Источниковедческой базой для ее
анализа стал различный фольклорный материал: от легенд/преданий до разного рода мифологических рассказов.
Современная традиция почитания сакральных объектов на Средней Пинеге выглядит
весьма пестро и свидетельствует о сложном противоречивом религиозном сознании.
Данные истории, археологии, этнографии, диалектологии в отношении маркеров
сакрального пространства были задействованы нами в «уникальных случаях» (дабы
подкрепить народный феномен научными сведениями), когда можно было говорить об
архаичных рудиментах, влиянии некрокульта, иноэтнической традиции и др. важных
составляющих современного «народного православия».
Такие древние культы, как
почитание деревьев, рощ, камней, источников в чистом виде на Средней Пинеге не
фиксируются. Однако существуют свидетельства трансформации и слитности
пришедших им на смену традиций (на Покшеньге помнят оветную сосну у дороги в местечке
“Солоники” под деревней Малое Кротово):
Сосна была у нас в Солониках. К ней носили
оветы, приношения. Молились… Место нечистое было. Пугало там всё. Ну, песни
слышны, свист… Мужики ехали и смеялись над пеленами. Дак их всех выпугало там.
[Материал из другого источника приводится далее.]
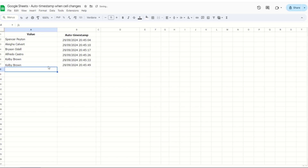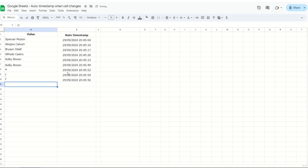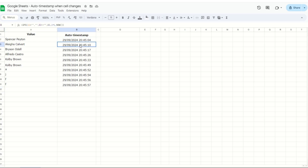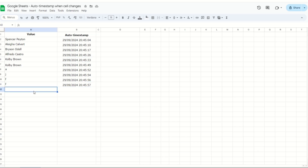And that's how you can set up automatic timestamps in Google Sheets. I hope this helps streamline your workflow. If you enjoyed this video or learned something new, don't forget to hit the like button and subscribe for more quick tutorials. Thanks for watching and see you in the next video.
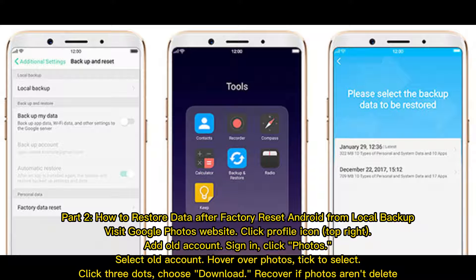Part 2: How to restore data after factory reset Android from local backup. Visit Google Photos website. Click the profile icon at the top right, add your old account, and sign in. Click Photos, select the old account, hover over photos, tick to select, click the 3 dots, choose Download, and recover if photos aren't deleted.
(Зап. в д. Малое Кротово от Земцовской Евдокии Ивановны, 1930 г.р., м.р. – д.
Кеврола).
Данное свидетельство напоминает
топонимическую легенду ненцев о происхождении названия святилища Козьмин
перелесок, расположенного между г. Мезенью и д. Семжей: «Несколько русских
рыбаков во главе с Козьмой ехали на озера через это жертвенное место. Они
насмехались над идолами и украшениями,
висящими на деревьях. Вдруг лошади отказались идти и так стояли до тех пор пока
рыбаки не дали обета уважать жертвенное место. Козьма первым повесил на березу
свой цветной кушак в знак примирения[11].
Когда же и почему сосна в
Солониках обрела священный статус, никто сейчас в округе объяснить не может, но
многие подчеркивают древность традиции, т.к. еще три поколения назад говорили,
что к сосне ходили с оветами.
В начале XX века, по словам информантов, рядом с
почитаемой сосной в Солониках появилась часовенка-амбарчик, на столбах. Такую
дополнительную характеристику объекта местные жители выдали совершенно
непринужденно:
У нас под горой здесь была… Часовня раньше называли. Стояли избушечки такие. У сосны-то и стояла
в Солониках. Часовня как амбар. На столбах, крыша и досками обита. Как амбар на
столбу. Иконы ишо были. (Зап. в д. Малое Кротово от Земцовского Афанасия
Михайловича, 1929 г.р., м.р. - д.
Малое Кротово).
Вот что в отношении подобных
культовых построек сообщает А.А. Шенников: «На первой стадии развития храма во
всей лесной зоне и севернее ее для хранения идолов был приспособлен небольшой
амбар на высоких столбах, первоначально появившийся у полукочевых и кочевых
охотников-рыболовов и оленеводов лесотундры и отчасти тундры. Такие амбары
ставились у мест стоянок на охотничьих тропах и на путях движения оленьих стад,
в них хранились продовольствие и добыча. По этнографических данным, эти амбары
известны у саамов, манси, хантов, местами у ненцев»[12].
Одновременно
с часовней появляется оветный крест:
Столб стоял, крышечка маленькая, лабас
называется. Иконка была, роспятье. Много носили. Целые пестрядинники да
повойники носили. (Зап. в д. Малое Кротово от Земцовской Евдокии Ивановны, 1930
г.р., м.р. – д. Кеврола).
В данном случае диалектное лабас, вероятно,
апеллирует к древним аборигенным финно-угорской и саамской традициям.
В настоящее время сосна в
Солониках десакрализирована, часовня и столб срыты, в борке по соседству стоит
их семиотических двойник – обетный крест.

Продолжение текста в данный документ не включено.